── Dataset extract ──
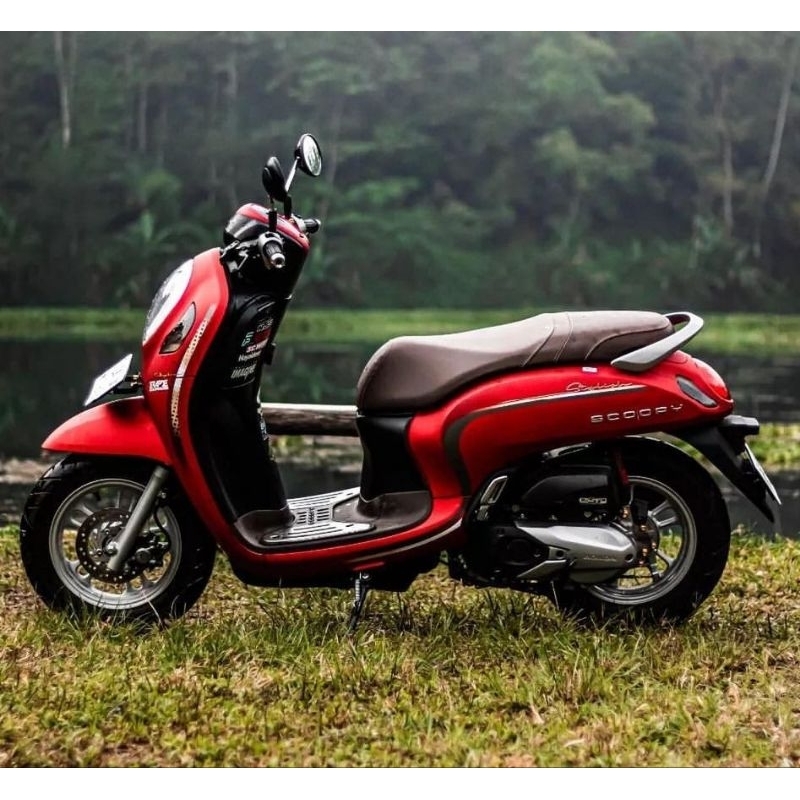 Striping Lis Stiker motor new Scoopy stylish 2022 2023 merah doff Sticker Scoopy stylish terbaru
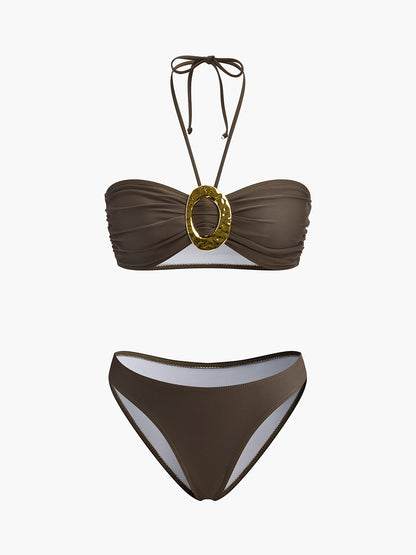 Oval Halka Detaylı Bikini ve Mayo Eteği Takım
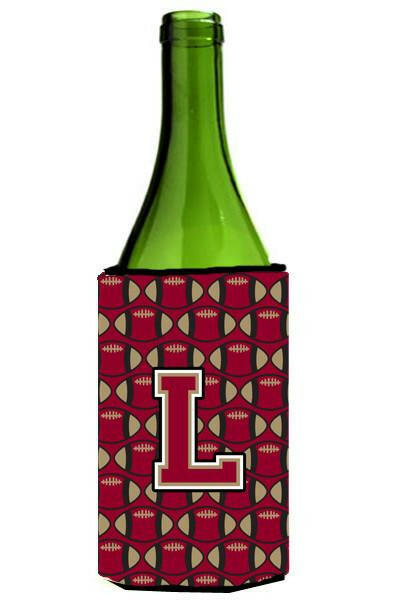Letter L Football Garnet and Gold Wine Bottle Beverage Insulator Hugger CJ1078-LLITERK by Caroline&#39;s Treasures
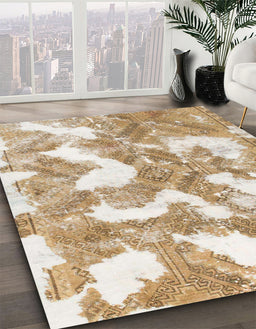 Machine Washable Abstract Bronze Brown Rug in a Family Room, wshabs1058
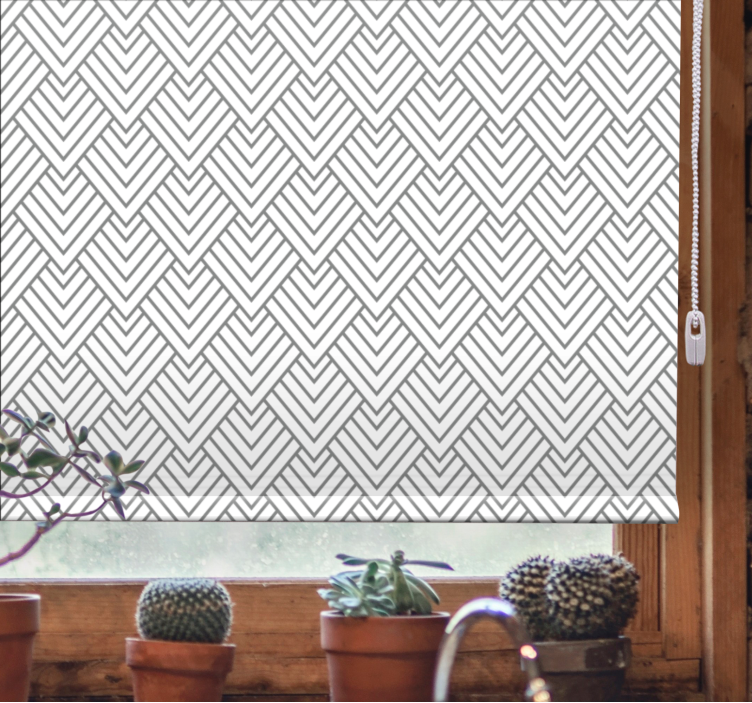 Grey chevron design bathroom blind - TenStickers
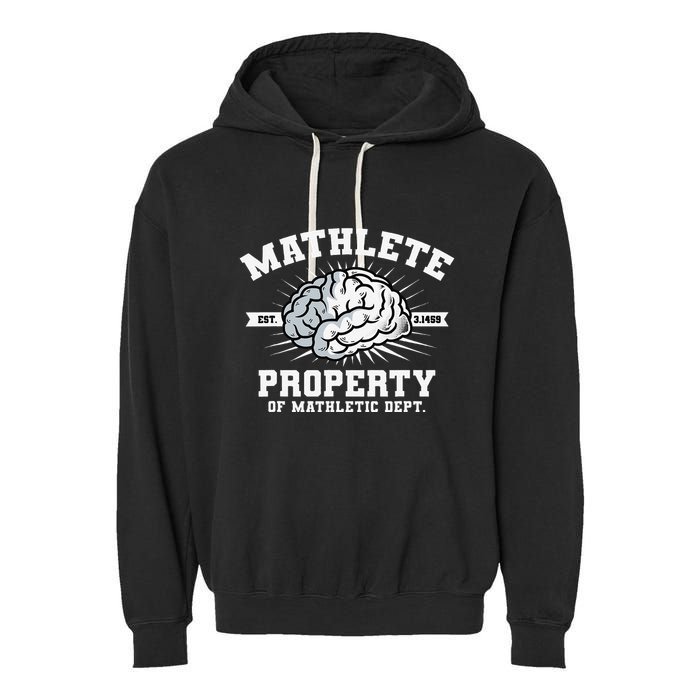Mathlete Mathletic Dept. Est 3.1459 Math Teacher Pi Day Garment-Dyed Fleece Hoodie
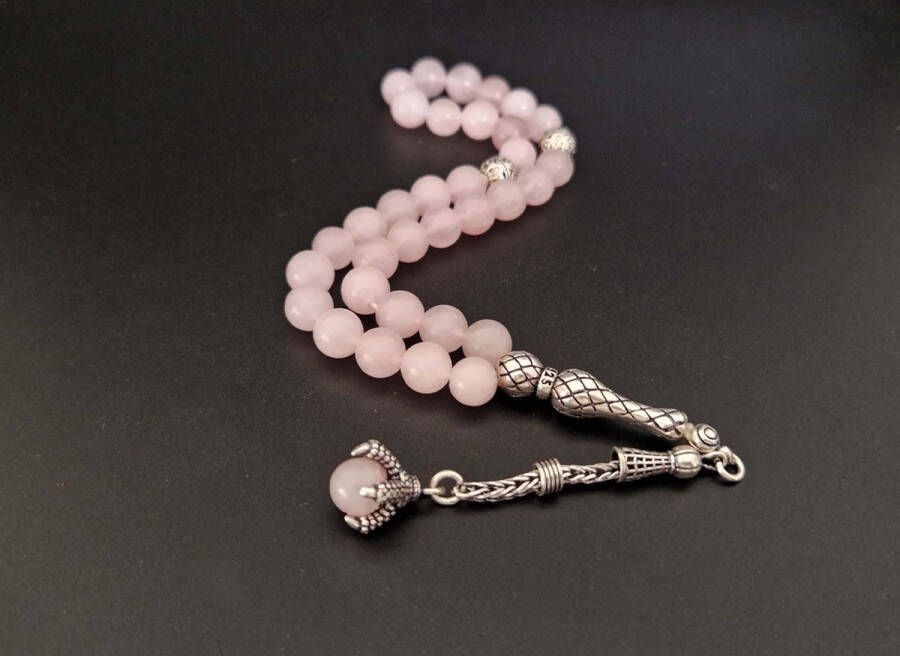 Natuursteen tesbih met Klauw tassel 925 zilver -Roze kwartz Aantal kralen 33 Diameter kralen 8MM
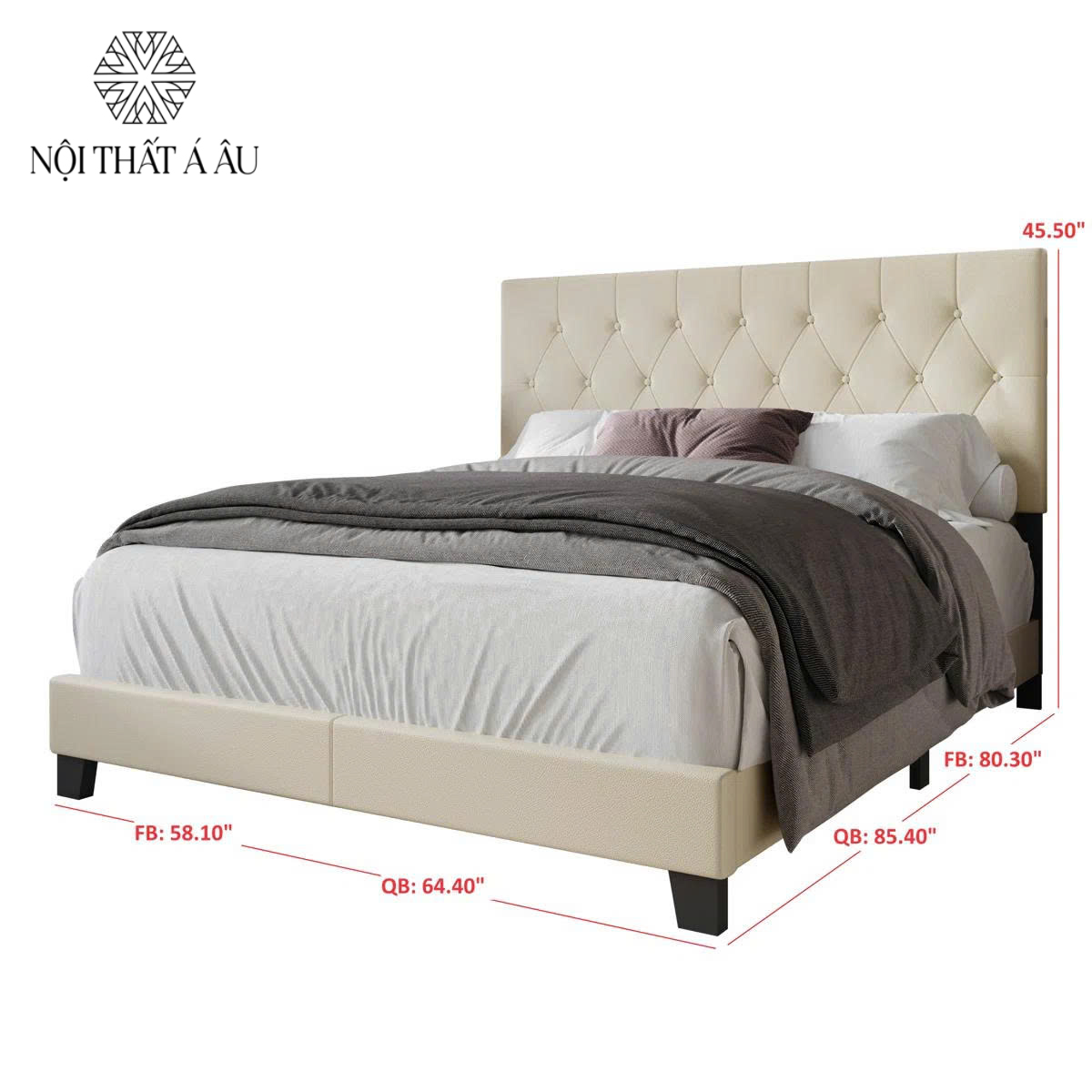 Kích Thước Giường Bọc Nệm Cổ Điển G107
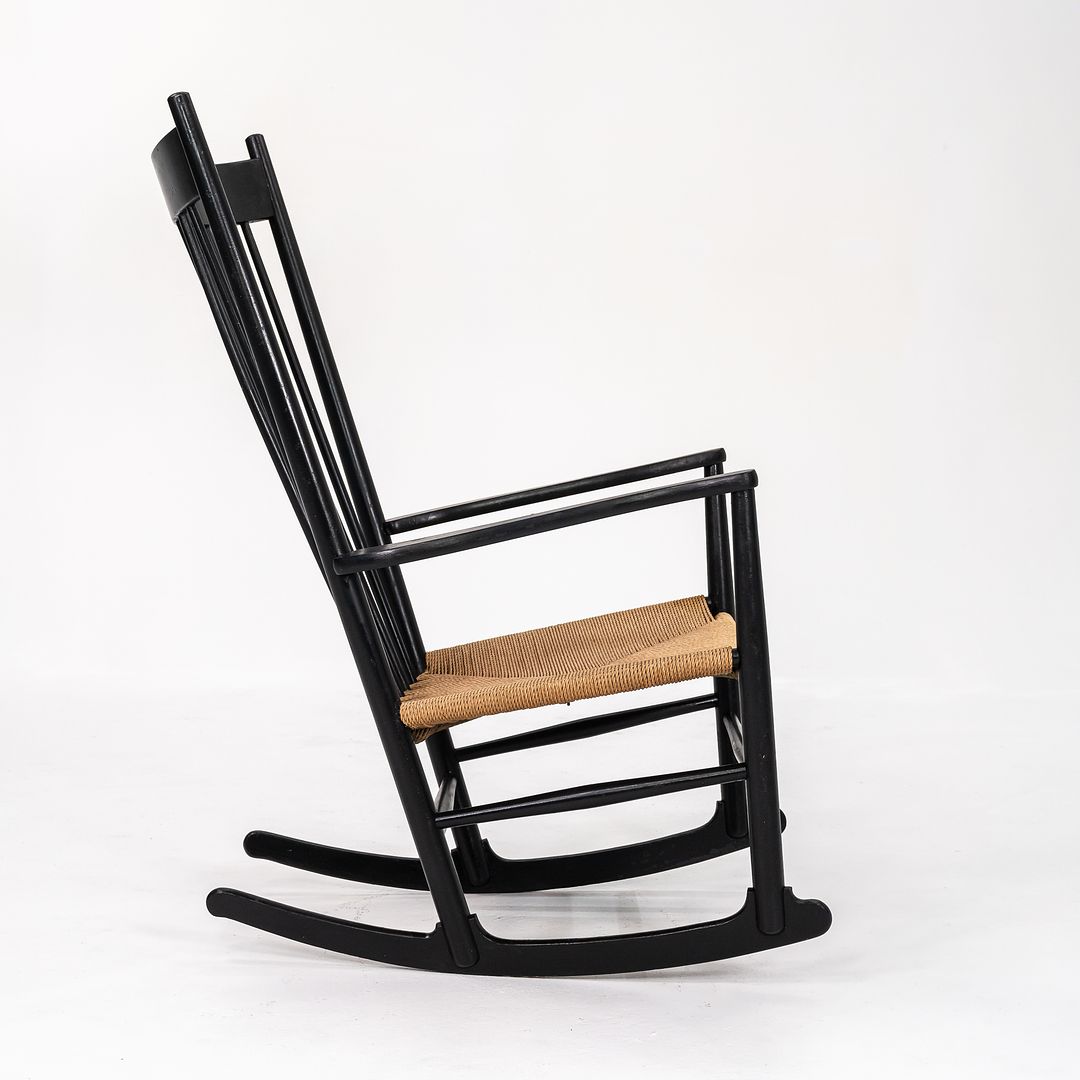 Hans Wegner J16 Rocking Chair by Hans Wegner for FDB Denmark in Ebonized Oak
───
Set down again, word for word, every line from the one with "Mathlete Mathletic Dept." to the one with "Kích Thước Giường Bọc Nệm Cổ Điển G107" in the entries above, and omit the pictures.

Mathlete Mathletic Dept. Est 3.1459 Math Teacher Pi Day Garment-Dyed Fleece Hoodie
 Natuursteen tesbih met Klauw tassel 925 zilver -Roze kwartz Aantal kralen 33 Diameter kralen 8MM
 Kích Thước Giường Bọc Nệm Cổ Điển G107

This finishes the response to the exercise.